**Exercise prompt**
Write out, word for word, the part of the listing below that opens with the line containing "ΠΟΥΚΑΜΙΣΟ STEFAN 9018F26 (ΜΑΥΡΟ)" and closes with the line containing "MTG TUNDRA Revised", keeping both of those lines and adding no others.

**Recorded information**
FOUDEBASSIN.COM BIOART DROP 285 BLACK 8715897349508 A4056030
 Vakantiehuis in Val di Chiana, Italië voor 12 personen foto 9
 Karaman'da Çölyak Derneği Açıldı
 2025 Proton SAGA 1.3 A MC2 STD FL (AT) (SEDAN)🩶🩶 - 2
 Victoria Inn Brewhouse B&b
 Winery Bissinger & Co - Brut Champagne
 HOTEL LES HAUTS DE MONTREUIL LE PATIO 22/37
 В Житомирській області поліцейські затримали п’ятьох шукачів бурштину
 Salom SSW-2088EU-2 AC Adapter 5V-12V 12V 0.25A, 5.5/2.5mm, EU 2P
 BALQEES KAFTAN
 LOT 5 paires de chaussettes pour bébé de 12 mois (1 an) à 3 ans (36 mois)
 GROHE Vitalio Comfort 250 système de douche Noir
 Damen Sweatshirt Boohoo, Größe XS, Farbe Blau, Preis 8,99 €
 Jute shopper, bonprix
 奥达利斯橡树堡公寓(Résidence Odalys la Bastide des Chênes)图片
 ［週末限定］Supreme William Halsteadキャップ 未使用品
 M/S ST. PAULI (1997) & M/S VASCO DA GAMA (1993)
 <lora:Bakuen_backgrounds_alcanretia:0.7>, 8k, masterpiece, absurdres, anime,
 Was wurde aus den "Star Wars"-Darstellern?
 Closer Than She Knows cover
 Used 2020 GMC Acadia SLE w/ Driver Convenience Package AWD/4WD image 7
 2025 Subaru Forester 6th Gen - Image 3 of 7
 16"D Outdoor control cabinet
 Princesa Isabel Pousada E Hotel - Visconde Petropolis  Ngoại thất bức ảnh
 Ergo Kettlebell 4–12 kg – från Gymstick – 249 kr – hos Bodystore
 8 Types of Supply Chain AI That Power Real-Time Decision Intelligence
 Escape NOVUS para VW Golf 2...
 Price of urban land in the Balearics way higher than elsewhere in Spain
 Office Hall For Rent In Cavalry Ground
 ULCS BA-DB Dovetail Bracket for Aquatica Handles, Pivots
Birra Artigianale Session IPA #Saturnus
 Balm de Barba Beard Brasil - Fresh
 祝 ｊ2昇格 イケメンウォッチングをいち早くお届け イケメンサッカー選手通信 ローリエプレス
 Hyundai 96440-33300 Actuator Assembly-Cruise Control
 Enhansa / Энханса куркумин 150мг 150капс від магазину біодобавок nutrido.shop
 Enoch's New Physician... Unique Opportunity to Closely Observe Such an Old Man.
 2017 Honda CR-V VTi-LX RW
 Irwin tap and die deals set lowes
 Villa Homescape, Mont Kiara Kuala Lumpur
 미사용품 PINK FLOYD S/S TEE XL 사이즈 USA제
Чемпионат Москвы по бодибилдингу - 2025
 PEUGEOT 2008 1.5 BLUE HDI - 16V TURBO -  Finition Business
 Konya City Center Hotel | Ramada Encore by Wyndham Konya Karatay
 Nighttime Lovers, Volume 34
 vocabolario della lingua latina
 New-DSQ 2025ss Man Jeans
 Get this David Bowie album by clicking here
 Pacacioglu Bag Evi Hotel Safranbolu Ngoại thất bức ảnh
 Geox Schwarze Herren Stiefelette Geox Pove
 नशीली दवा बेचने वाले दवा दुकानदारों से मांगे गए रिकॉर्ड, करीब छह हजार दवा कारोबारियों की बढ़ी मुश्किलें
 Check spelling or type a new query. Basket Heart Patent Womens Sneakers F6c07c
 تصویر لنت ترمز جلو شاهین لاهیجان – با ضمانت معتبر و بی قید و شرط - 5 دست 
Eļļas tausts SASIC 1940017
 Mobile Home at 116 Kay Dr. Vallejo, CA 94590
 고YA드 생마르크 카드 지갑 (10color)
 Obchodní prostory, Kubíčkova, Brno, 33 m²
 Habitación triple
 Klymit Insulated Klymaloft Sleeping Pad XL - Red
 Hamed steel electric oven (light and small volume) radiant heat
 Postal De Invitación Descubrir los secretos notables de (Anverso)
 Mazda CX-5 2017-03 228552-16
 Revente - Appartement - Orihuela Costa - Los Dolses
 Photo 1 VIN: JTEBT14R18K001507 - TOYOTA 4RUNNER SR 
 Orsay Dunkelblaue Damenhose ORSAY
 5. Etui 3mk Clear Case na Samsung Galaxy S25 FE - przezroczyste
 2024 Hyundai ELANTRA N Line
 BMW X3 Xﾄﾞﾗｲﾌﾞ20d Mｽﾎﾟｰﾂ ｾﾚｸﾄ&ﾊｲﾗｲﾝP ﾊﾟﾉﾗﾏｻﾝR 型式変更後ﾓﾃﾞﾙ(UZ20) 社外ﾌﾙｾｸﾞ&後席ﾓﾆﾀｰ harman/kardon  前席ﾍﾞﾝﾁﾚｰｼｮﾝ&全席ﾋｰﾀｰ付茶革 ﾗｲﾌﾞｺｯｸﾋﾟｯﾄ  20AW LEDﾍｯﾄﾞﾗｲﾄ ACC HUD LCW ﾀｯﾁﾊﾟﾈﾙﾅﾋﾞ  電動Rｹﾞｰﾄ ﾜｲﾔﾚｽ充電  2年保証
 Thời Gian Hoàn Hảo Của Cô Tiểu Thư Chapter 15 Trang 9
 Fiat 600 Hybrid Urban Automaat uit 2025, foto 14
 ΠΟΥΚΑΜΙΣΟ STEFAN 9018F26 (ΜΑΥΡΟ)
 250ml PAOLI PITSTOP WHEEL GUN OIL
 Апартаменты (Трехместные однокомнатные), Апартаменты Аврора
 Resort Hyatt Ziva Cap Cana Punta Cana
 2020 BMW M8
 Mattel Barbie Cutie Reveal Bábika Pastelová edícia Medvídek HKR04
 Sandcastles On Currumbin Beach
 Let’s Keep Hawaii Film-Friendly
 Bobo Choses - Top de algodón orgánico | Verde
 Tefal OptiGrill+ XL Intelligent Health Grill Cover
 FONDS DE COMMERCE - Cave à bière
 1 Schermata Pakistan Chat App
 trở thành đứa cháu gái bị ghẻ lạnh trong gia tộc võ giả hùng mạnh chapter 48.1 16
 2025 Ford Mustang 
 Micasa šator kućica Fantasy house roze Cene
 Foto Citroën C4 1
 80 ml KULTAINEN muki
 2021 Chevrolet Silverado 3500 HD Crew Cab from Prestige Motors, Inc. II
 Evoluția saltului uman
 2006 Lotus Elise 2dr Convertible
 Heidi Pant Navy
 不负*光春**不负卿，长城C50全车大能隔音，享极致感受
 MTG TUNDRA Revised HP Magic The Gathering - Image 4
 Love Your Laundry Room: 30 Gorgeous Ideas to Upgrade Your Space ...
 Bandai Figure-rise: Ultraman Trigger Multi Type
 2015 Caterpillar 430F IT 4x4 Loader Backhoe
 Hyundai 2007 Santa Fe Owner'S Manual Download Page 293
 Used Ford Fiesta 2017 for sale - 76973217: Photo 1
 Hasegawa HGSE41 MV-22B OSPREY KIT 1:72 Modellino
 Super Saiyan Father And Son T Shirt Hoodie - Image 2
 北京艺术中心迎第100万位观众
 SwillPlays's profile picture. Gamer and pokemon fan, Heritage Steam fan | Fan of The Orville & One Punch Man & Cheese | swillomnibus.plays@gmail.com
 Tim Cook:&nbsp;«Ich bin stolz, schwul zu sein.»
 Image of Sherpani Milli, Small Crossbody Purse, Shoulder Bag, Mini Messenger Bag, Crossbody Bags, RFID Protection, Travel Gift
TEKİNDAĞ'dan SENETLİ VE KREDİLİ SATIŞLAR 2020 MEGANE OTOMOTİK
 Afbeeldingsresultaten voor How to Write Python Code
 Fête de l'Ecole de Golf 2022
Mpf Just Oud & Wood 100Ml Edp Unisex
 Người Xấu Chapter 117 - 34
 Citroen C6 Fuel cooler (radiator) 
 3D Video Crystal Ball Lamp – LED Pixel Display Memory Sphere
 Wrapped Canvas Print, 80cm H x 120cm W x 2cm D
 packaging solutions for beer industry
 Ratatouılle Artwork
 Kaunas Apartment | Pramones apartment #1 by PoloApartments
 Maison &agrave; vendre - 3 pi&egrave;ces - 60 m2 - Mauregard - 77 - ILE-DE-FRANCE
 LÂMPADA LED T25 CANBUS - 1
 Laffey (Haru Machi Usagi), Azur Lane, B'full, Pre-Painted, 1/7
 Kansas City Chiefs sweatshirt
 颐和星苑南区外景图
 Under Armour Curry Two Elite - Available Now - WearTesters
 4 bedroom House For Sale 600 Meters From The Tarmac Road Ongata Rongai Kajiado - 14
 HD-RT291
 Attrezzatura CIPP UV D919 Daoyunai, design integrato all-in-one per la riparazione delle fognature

**Answer to the exercise**
 ΠΟΥΚΑΜΙΣΟ STEFAN 9018F26 (ΜΑΥΡΟ)
 250ml PAOLI PITSTOP WHEEL GUN OIL
 Апартаменты (Трехместные однокомнатные), Апартаменты Аврора
 Resort Hyatt Ziva Cap Cana Punta Cana
 2020 BMW M8
 Mattel Barbie Cutie Reveal Bábika Pastelová edícia Medvídek HKR04
 Sandcastles On Currumbin Beach
 Let’s Keep Hawaii Film-Friendly
 Bobo Choses - Top de algodón orgánico | Verde
 Tefal OptiGrill+ XL Intelligent Health Grill Cover
 FONDS DE COMMERCE - Cave à bière
 1 Schermata Pakistan Chat App
 trở thành đứa cháu gái bị ghẻ lạnh trong gia tộc võ giả hùng mạnh chapter 48.1 16
 2025 Ford Mustang 
 Micasa šator kućica Fantasy house roze Cene
 Foto Citroën C4 1
 80 ml KULTAINEN muki
 2021 Chevrolet Silverado 3500 HD Crew Cab from Prestige Motors, Inc. II
 Evoluția saltului uman
 2006 Lotus Elise 2dr Convertible
 Heidi Pant Navy
 不负*光春**不负卿，长城C50全车大能隔音，享极致感受
 MTG TUNDRA Revised HP Magic The Gathering - Image 4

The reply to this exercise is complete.